Location
- Frankston, Melbourne, Victoria Australia
- Coordinates: 38°09′45″S 145°07′50″E﻿ / ﻿38.16250°S 145.13056°E

Information
- Type: Government-funded co-educational secondary day school
- Motto: Latin: Optima semper (Best Always)
- Established: 12 February 1924; 102 years ago^{[citation needed]}
- Principal: Andrew Batchelor
- Enrollment: 1,900
- Colours: Blue and gold
- Website: www.fhs.vic.edu.au

= Frankston High School =

Frankston High School (abbreviated as FHS) or simply Frankston High, is a government-funded co-educational high school, located in , Melbourne, Victoria, Australia. The school offers education for students from Year 7 to Year 12.

==School profile==
Frankston High School is a large multi-campus co-educational facility situated in Frankston South. The Year 7 to 10 and Senior School (Years 11 and 12) campuses occupy sites across from one another.

The school has formed a partnership, the Frankston Federation of Schools, with the main neighbourhood primary schools Derinya, Overport, Frankston and Frankston Heights. Through this federation, staff and resources are shared. A transition program helps students adjust from primary to secondary school.
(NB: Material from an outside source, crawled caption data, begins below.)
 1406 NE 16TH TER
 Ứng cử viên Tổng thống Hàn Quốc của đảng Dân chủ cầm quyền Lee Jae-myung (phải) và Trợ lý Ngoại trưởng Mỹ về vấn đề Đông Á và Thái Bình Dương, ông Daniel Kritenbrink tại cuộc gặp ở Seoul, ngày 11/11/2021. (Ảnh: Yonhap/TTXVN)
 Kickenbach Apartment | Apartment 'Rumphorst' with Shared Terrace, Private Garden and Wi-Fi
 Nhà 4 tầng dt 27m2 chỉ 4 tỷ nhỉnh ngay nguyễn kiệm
In 2006 a Tablet PC programme was launched, which created two "streams" for students to take either tablet, or non-tablet classes from the commencement of Year 7 onwards. The tablet programme was for students to use technology every day in all classes for their education. In 2015, the two streams were merged, and it was made compulsory for all students to purchase a Windows Surface Pro prior to commencing Year 7, as part of their school resources.
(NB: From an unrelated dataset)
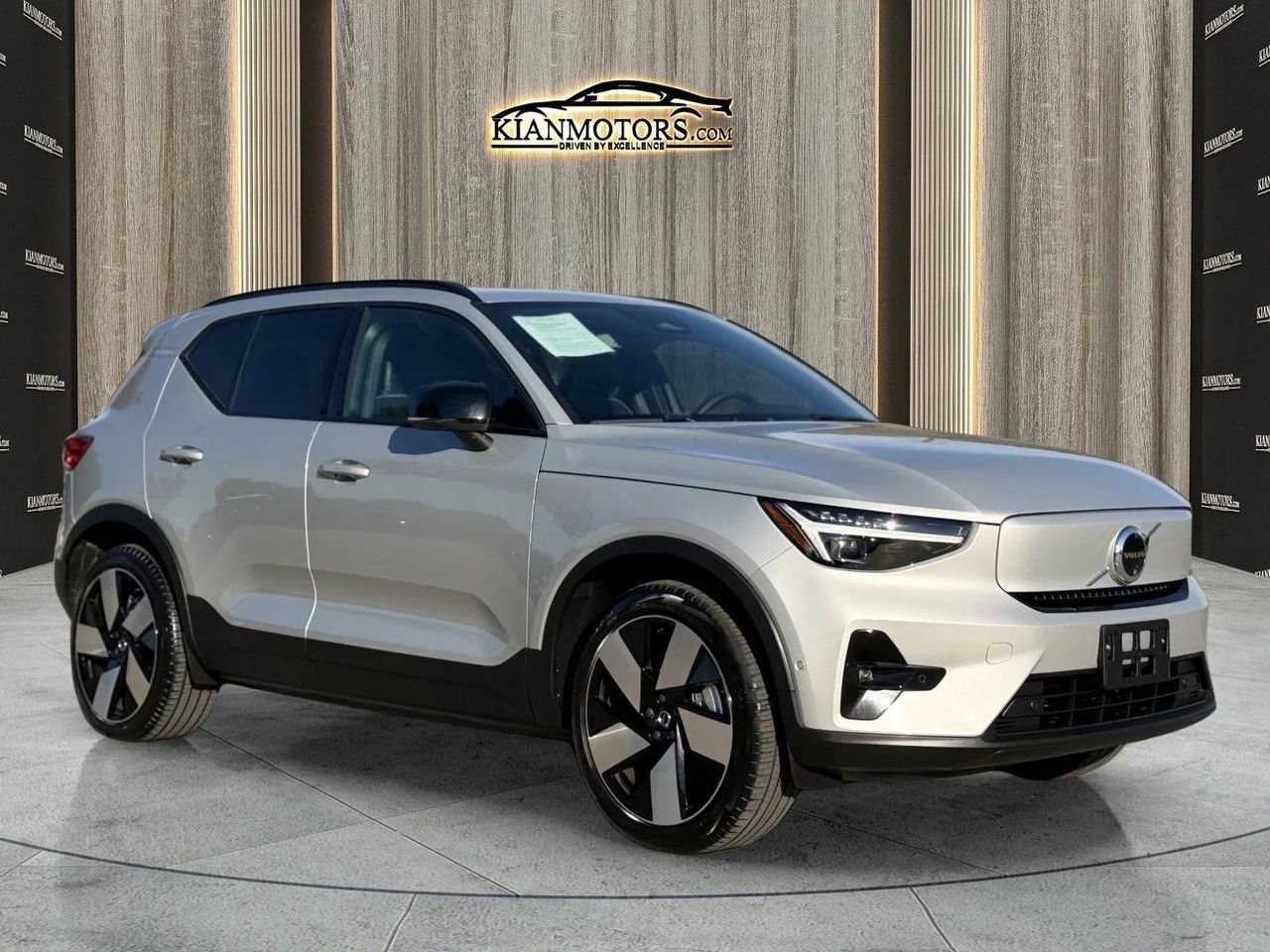 2024 Volvo XC40 Recharge Pure Electric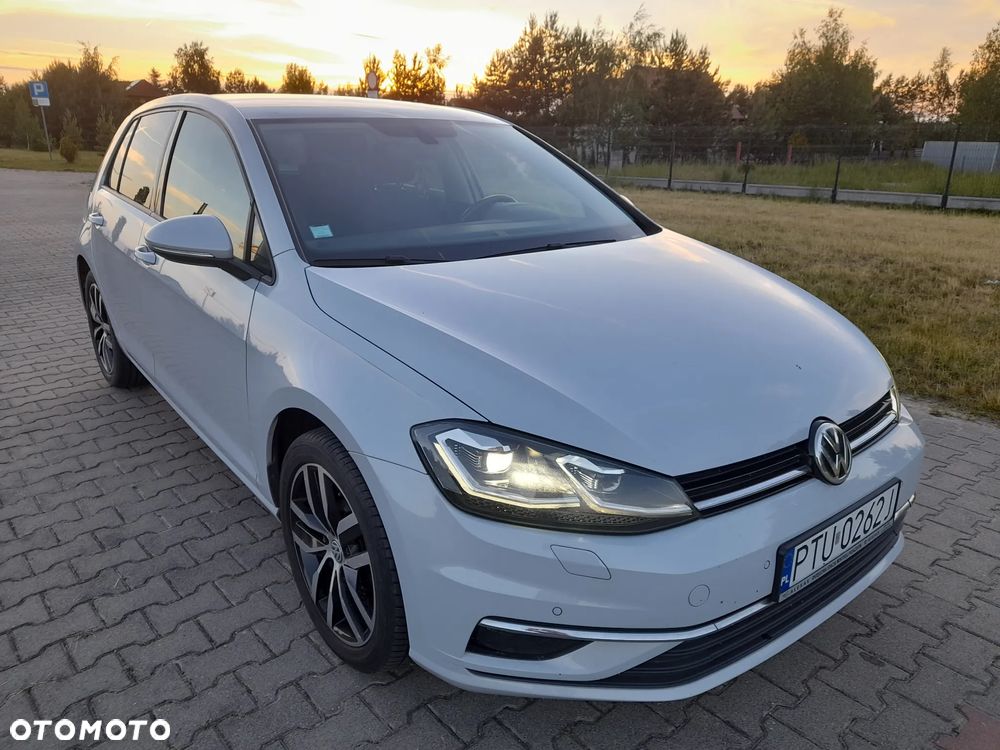 Volkswagen Golf - 1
Frankston High School was ranked 16th out of all state secondary schools in Victoria based on VCE results in 2018.

==Sustainability==
An updated school sustainability policy was ratified by the school's parent council in late 2014.

In 2015 the St Kilda Eco Centre awarded students in the Eco Team a scholarship to participate in a Polperro Dolphin Swim, recognizing their investigation of micro-plastics at Frankston foreshore.

==Languages==
Both Japanese and French languages are established in the curriculum from Year 7 to Year 12. Sister city and sister school programmes have been established in Japan, France and Soweto, South Africa. The school operates an overseas exchange program, with Frankston High School students on exchange programs in other countries and a number of overseas students studying at Frankston.

==Music==
There are seven bands operating and approximately 200 students involved in the instrumental music program. Students perform regularly at assemblies and special events and rehearse in a music centre. Concert band and stage band are the two main bands which are available for students at Frankston, as well as smaller, varying music ensembles, such as the guitar ensemble. The establishment of the Harry McGurk Music Scholarship has helped students to continue with these opportunities.

==Sport==
Frankston High offers an array of elective sports programmes. The facilities include a basketball stadium, indoor swimming pool, gymnasium, weight room, and a new multipurpose sports ground for such sports as netball, hockey, and tennis.

==Surf life saving==
For several years, the school has been involved in the Victorian Youth Development Program (VYPD), now known as Advance, which involves surf life saving and is run with the assistance of Surf Life Saving Victoria.

==Specialist programmes==
The school operates Hands On Learning, Pathways and Corrective Reading programs to cater for students with different learning styles and needs.

==School magazine==
A school magazine entitled Kananook is published every year. It looks back over the year and recognises what the school has accomplished.

==House competition==
The four houses are:
- Yawa (formerly Janaralong; blue)
- Tir-rer (formerly Asatangneen; green)
- Barrbunin (formerly Kananook; gold)
- Brim (formerly Eumemmering; red)

The recent former house names come from early explorers of Victoria and the Port Phillip region - George Bass, William Collins, Matthew Flinders, and John Murray.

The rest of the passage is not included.